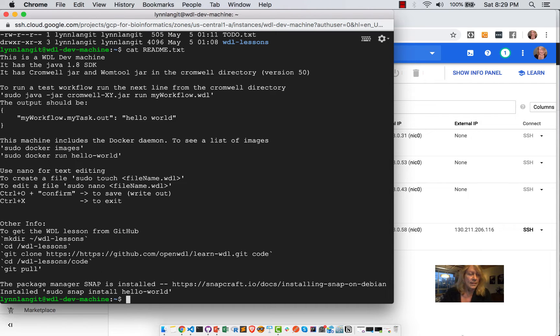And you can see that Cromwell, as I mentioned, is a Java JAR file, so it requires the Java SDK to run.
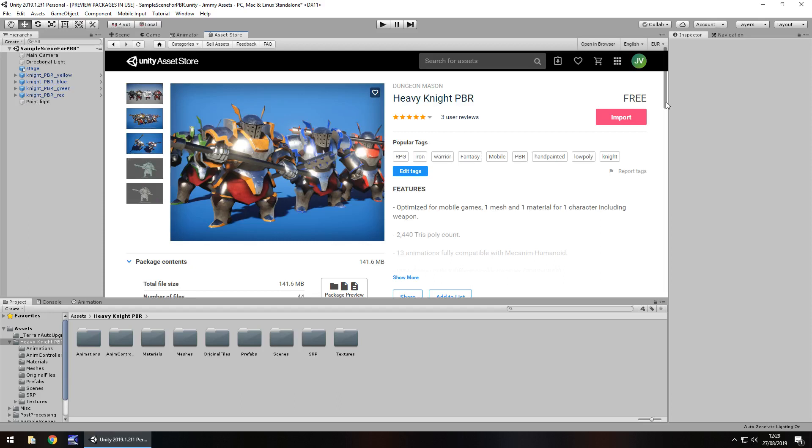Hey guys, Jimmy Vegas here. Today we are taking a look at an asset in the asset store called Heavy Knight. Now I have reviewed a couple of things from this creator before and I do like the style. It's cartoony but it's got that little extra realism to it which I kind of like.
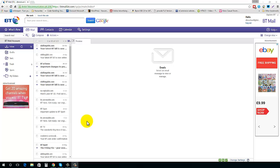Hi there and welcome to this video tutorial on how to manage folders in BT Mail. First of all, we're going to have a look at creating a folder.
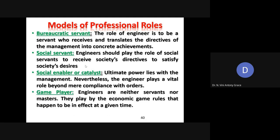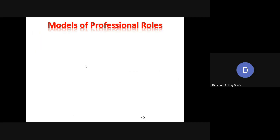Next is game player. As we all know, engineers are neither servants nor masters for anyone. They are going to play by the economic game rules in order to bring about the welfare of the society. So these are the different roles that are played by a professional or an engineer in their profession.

* * *

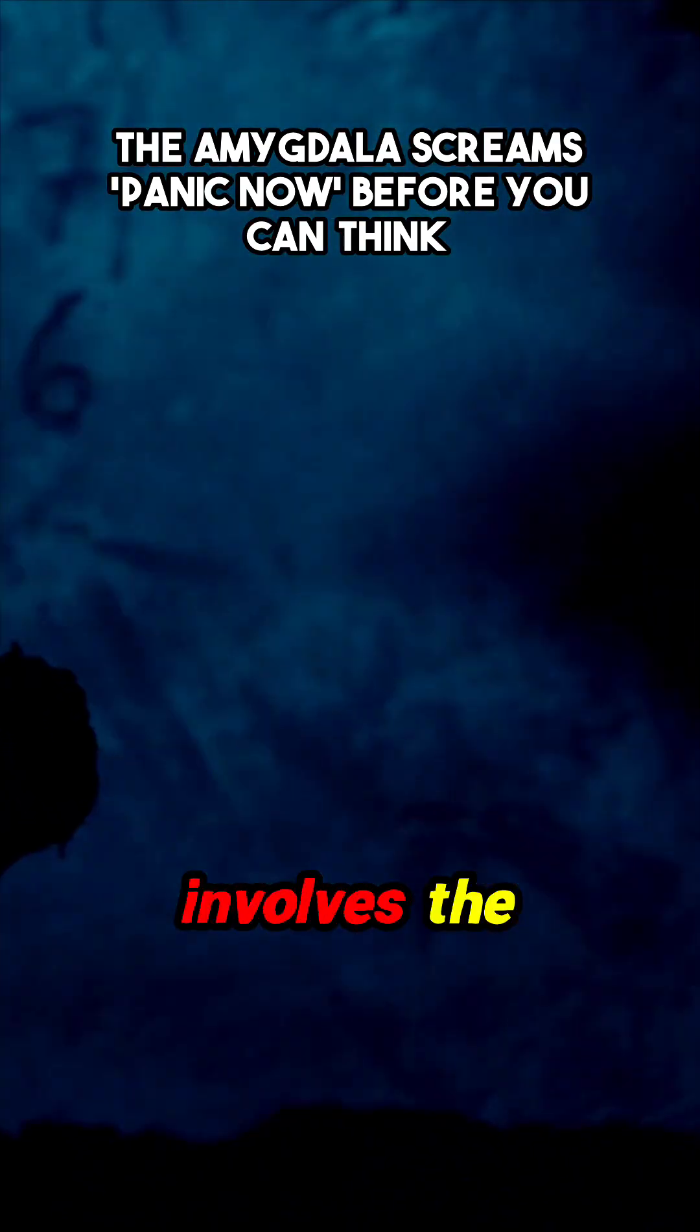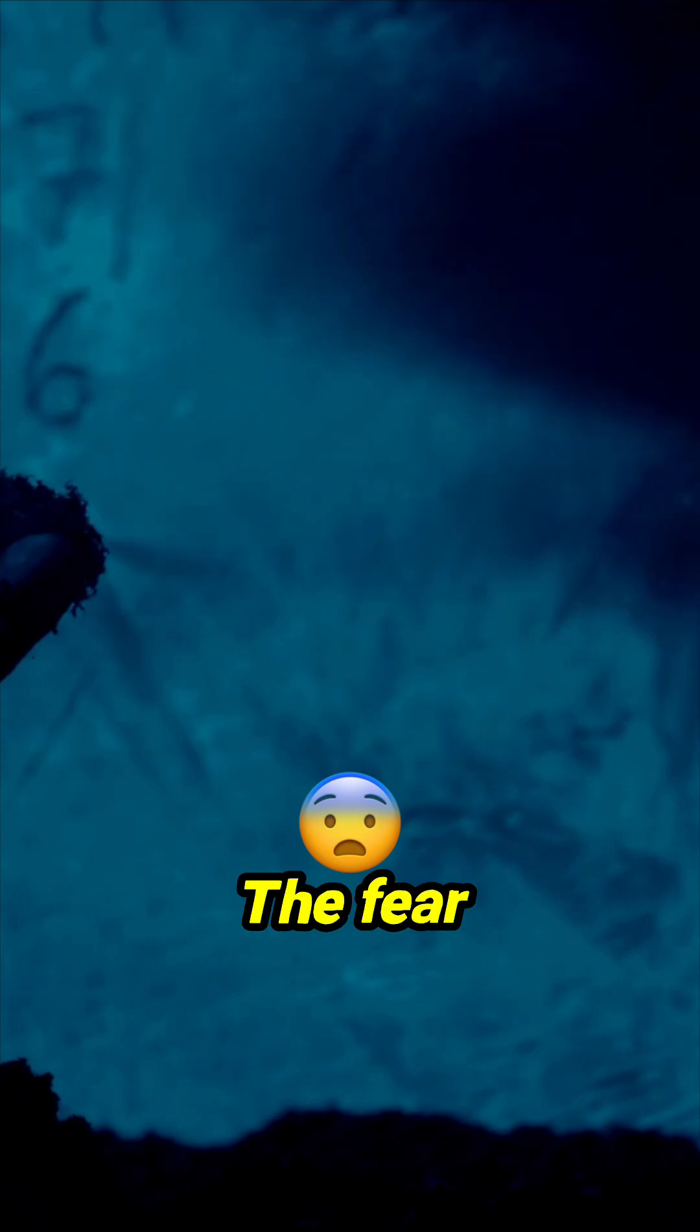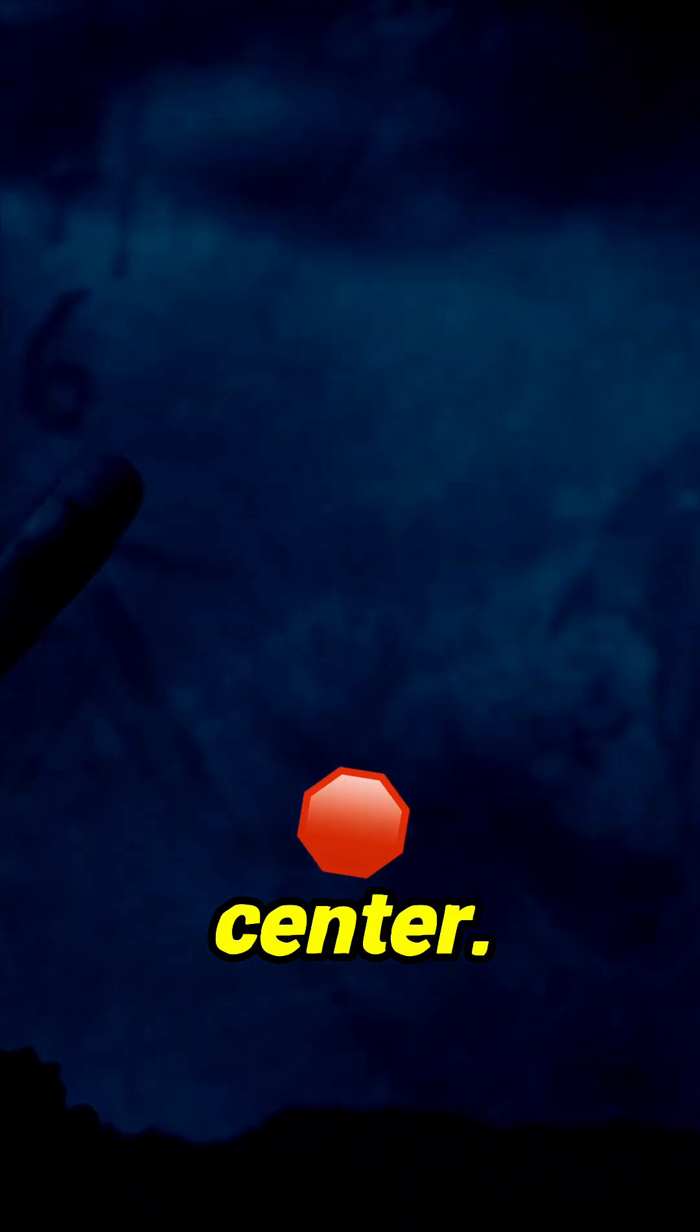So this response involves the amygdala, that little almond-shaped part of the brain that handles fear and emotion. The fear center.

■ **DIRECTIONS FOR THIS TASK**
Look above for the line containing "And you can", then write out every line from there down to the line containing "Next is game", that line included, with no pictures.

■ **WRITTEN RESPONSE**
And you can see that Cromwell, as I mentioned, is a Java JAR file, so it requires the Java SDK to run.
Hey guys, Jimmy Vegas here. Today we are taking a look at an asset in the asset store called Heavy Knight. Now I have reviewed a couple of things from this creator before and I do like the style. It's cartoony but it's got that little extra realism to it which I kind of like.
Hi there and welcome to this video tutorial on how to manage folders in BT Mail. First of all, we're going to have a look at creating a folder.
Next is game player. As we all know, engineers are neither servants nor masters for anyone. They are going to play by the economic game rules in order to bring about the welfare of the society. So these are the different roles that are played by a professional or an engineer in their profession.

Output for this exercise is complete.